The UBC team’s underwater cameras highlighted the murkiness of the world the killer whales inhabit and crystalized the importance of their use of echolocation to navigate and hunt. Hydrophone recorders even allowed the researchers to eavesdrop as the orcas chased their prey.
“They are in the deep, dark water, it sounds like a submarine — ping, ping, ping,” says Trites, describing the echolocation clicks. “Faster and faster, it turns into a buzz and you know the kill moment is coming. Suddenly you hear the crunch as they bite down. And then, silence.”
The UBC crew employed two vessels in their tracking efforts, the Gikumi, an 18-metre-long mothership, and the Steller Quest, a six-metre-long aluminum-hulled boat used when attaching data loggers to the orcas. This task, which requires strength, skill and teamwork, was handled by biologist Mike deRoos and skipper Chris Hall, a veteran commercial marine operator.
DeRoos stood near the front of the skiff holding an eight-metre-long, carbon-fibre pole with the tag attached at the top, while Hall carefully piloted the vessel alongside one of the 5,000-kg leviathans. DeRoos would wait, peering into the water through polarized sunglasses until he saw an orca rising from below, and then as it broke the surface, attempt to slap the suction cup on its back near the dorsal fin. “It’s quite challenging. They typically only surface for about two seconds, and their skin is slippery, says deRoos, “You need to get the timing just right because if they see the pole hovering above then they won’t come up.”

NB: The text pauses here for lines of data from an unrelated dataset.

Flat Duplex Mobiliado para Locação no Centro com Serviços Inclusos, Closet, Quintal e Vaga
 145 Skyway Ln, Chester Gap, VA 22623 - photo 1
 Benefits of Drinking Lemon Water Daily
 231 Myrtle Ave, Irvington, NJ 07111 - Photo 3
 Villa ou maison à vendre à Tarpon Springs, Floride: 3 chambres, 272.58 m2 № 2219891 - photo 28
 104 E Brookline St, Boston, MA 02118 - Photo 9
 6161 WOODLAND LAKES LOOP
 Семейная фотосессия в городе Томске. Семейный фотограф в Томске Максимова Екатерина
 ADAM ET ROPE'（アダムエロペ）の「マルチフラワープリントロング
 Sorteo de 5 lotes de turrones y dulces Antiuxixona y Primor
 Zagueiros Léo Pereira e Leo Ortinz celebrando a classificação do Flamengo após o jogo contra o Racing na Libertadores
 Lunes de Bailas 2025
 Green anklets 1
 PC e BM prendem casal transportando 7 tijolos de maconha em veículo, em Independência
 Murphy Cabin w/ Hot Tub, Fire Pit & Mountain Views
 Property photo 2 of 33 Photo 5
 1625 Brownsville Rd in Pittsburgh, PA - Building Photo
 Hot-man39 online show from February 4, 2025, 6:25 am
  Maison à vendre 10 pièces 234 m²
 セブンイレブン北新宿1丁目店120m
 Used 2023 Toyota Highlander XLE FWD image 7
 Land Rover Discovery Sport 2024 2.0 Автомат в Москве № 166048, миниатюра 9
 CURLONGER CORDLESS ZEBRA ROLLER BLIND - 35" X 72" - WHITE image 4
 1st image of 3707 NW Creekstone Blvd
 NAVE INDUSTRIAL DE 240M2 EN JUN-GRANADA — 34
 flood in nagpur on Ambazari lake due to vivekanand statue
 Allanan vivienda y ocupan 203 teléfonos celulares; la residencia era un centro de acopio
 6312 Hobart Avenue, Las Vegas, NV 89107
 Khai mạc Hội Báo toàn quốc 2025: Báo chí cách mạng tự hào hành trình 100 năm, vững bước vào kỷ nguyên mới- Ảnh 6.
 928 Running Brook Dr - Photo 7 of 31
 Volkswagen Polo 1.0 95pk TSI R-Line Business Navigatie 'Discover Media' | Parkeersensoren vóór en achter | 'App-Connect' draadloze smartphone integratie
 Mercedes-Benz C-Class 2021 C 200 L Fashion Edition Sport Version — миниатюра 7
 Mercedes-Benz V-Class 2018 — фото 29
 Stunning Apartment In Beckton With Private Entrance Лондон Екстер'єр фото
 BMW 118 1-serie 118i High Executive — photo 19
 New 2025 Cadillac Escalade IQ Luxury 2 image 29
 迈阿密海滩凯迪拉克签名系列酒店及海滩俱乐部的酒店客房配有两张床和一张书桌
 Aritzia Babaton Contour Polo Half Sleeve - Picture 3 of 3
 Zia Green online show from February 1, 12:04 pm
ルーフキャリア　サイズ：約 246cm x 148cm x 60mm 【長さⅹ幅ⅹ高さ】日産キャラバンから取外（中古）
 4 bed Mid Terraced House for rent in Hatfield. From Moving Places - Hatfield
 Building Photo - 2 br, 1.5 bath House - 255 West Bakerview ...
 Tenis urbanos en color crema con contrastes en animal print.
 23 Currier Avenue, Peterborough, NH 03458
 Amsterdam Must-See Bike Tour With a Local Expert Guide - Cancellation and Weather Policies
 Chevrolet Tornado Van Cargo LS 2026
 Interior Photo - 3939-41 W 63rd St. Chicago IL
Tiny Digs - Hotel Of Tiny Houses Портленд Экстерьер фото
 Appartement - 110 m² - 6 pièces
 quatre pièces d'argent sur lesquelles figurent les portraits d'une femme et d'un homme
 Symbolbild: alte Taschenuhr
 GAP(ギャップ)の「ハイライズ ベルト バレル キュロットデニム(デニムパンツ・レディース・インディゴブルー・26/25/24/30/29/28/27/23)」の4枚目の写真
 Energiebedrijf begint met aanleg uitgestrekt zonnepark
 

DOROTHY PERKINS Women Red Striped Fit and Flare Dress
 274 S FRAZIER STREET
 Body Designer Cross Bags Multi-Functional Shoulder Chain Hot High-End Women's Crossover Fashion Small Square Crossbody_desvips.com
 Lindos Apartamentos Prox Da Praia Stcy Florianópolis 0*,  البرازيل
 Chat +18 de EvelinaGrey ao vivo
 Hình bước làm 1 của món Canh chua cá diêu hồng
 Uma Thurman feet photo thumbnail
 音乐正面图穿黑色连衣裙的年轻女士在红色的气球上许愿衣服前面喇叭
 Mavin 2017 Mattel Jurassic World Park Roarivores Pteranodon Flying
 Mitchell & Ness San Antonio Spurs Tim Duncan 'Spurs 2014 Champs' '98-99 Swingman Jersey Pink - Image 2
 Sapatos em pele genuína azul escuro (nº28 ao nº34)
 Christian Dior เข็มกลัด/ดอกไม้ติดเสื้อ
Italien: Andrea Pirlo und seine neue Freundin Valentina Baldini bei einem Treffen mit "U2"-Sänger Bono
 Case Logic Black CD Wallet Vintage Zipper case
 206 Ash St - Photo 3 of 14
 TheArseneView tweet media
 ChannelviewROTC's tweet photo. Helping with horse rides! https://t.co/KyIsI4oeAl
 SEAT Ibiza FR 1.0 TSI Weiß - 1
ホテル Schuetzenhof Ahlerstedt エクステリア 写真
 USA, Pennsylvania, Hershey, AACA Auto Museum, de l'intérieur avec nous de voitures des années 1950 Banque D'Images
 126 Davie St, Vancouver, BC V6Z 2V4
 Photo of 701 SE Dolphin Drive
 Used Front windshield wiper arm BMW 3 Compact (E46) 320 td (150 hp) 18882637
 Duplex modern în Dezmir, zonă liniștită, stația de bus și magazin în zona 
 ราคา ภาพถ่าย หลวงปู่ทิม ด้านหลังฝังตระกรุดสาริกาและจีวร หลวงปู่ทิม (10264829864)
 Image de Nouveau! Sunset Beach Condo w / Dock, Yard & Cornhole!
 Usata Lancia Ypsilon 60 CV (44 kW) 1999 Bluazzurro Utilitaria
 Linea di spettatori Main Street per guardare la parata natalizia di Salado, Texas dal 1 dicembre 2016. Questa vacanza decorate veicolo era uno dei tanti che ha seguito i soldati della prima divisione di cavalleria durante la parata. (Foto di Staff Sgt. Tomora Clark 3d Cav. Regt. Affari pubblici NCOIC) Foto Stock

Once attached, a data logger will transmit for five, seven or 20 hours, depending on its programming. At the end of that time, the device releases, floats to the surface and emits a radio signal to help the crew retrieve it. The storehouse of information contained on these instruments is revelatory. “Some of the things we recorded will refine current understanding of how killer whales live together, hunt, share food and communicate with one another,” says Fortune.
The data accumulated on the month-long expedition, which saw the research team travel more than 2,500 km, is so large that the scientists are still sorting through the material and working toward conclusions. One critical question they hope to answer is whether the suspected food shortage that southern resident killer whales are experiencing is occurring in the Salish Sea during summer and fall, or if it’s happening elsewhere in their range during winter and spring.
Ironically, the cold sterility of technology, so often linked with the notion of asserting dominance over nature, is now opening a gateway for biologists to study animals in a more intimate and revealing manner. In this brave new world, the killer whales themselves function as oceanographers, revealing the watery realm they inhabit with minimal disruption to their lives.
Gaining a more complete picture of what is transpiring underwater with the orcas was not only a scientific breakthrough, but an emotionally rewarding experience for the UBC researchers. “This technology has opened our eyes to things we were blind to before,” says Trites. “It’s incredibly exciting. This is what gets us up each day, the chance that we might discover something new.”